Speech Recognition — GMM, HMM

14 min readSep 9, 2019

Before the Deep Learning (DL) era for speech recognition, HMM and GMM are two must-learn technology for speech recognition. Now, there are hybrid systems that combine HMM with Deep Learning and there are systems that are HMM free. We have more design choices now. However, for many generative models, HMM remains important. But regardless of the status, speech recognition helps us to understand the application of HMM and GMM in the ML context better. So stop the long face and let’s spend sometimes on it.

Automatic Speech Recognition (ASR)

Let’s get a high-level overview first. The diagram below is a high-level architecture for speech recognition that links HMM (Hidden Markov Model) with speech recognition.

Starting from an audio clip, we slide windows of 25 ms width and 10 ms apart to extract MFCC features. For each window frame, 39 MFCC parameters will be extracted. The primary objective of speech recognition is to build a statistical model to infer the text sequences W (say “cat sits on a mat”) from a sequence of feature vectors X.

One approach looks for all possible sequences of words (with limited maximum length) and finds one that matches the input acoustic features the best.

This model depends on building a language model P(W), a pronunciation lexicon model, and an acoustic model P(X|W) (a generative model) as below.

A pronunciation model can use tables to convert words to phones, or a corpus is already transcribed with phonemes already. The acoustic model is about modeling a sequence of feature vectors given a sequence of phones instead of words. But we will continue the use of the notation p(X|W) for the acoustic model. Just be aware.

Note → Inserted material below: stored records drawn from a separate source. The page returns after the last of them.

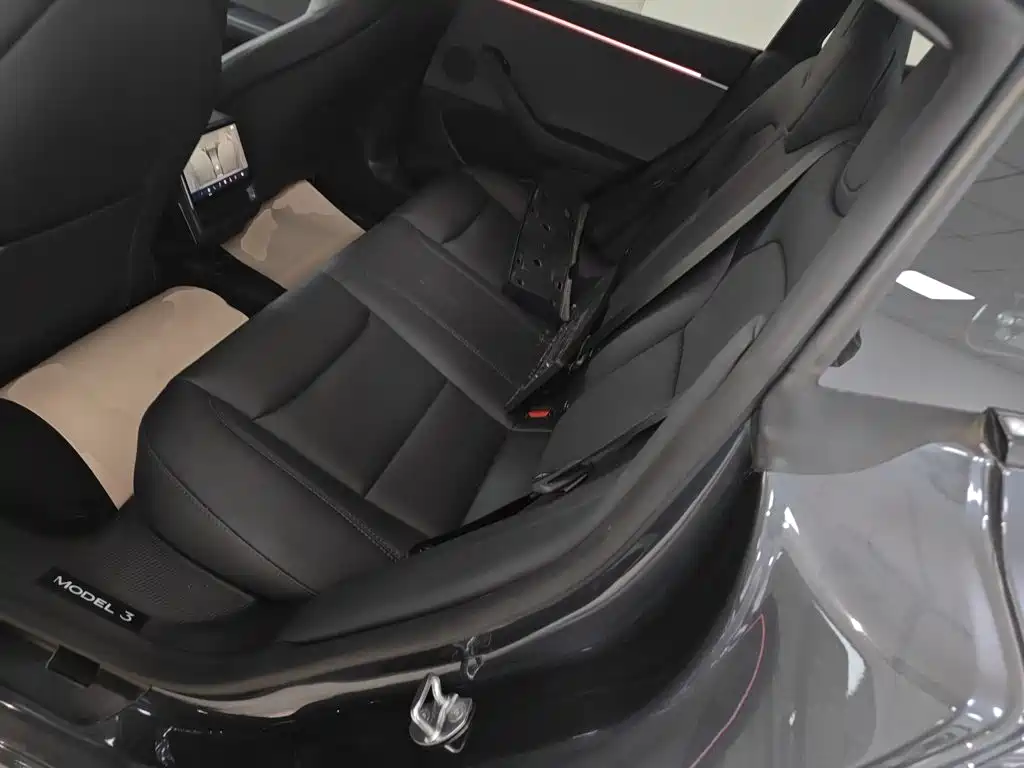 Tesla Model 3 — фото 17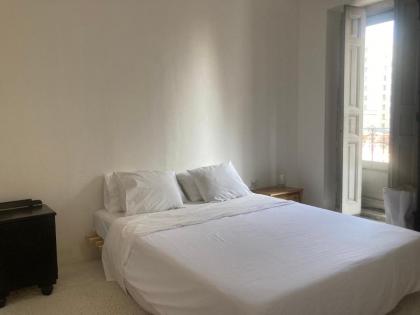 Captivating 2-Bed Apartment in Madrid - image 8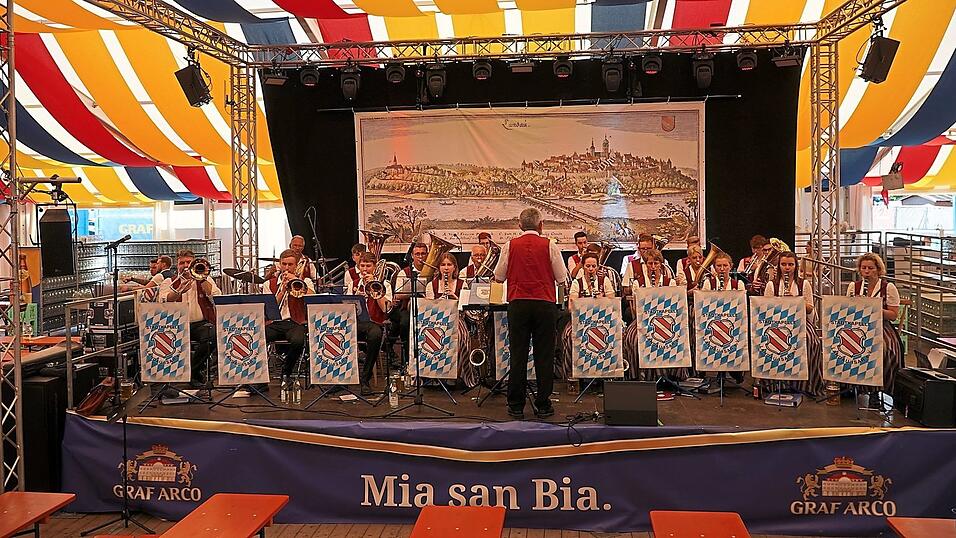 Die Stadtkapelle unter Leitung von Heinrich Troiber.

The language model is about the likelihood of the word sequence. For example, “I watch a movie” will be more likely than “I you movie watch” or “I watch an apple”. It predicts the next word given the previous words. If we approximate it with a first-order Markov chain, the next word will depend on the current word only. We can estimate it by counting the occurrence of word pairs in a corpus.

By combining the acoustic model and the language model, we search for the text sequence with the maximum likelihood.

This approach sounds indirect and the search looks inefficient or impossible. But p(X|W) is much easier to model in speech recognition. The distribution of features for a phone can be modeled with a Gaussian Mixture Model (GMM). We will learn it with training data. The transition between phones and the corresponding observable can be modeled with the Hidden Markov Model (HMM). So if we can find an optimal way to search the phone sequence efficiently, this may not sound bad after all.

An HMM model composes of hidden variables and observables. The top nodes below represent the phones and the bottom nodes represent the corresponding observables (the audio features). The horizontal arrows demonstrate the transition in the phone sequence for the true label “she just …”.

In speech recognition, the observable can be represented by 39 MFCC features extracted from the corresponding audio frame. The good news is that with this HMM model, we do not need to search the phone sequence one-by-one. Otherwise, the complexity grows exponentially with the number of phones. With the Viterbi algorithm or other HMM methods, we can find the optimal sequence in polynomial time. We will come back to this later.

The diagram below is a possible realization of an Automatic Speech Recognition (ASR). Combining information on the lexicon, the acoustic model and the language model, we can find the optimal phone sequence with the Viterbi decoder.

Modified from source (O is the same as X here)

Let’s do a quick recap, we can model the acoustic model P(X|W) with an HMM. The arrows on an HMM model will represent phone transitions or links to observables. To model the audio features that we observe, we learn a GMM model from the training data. So let’s understand HMM and GMM more in the general context first.

Hidden Markov Model (HMM)

A Markov chain contains all the possible states of a system and the probability of transiting from one state to another.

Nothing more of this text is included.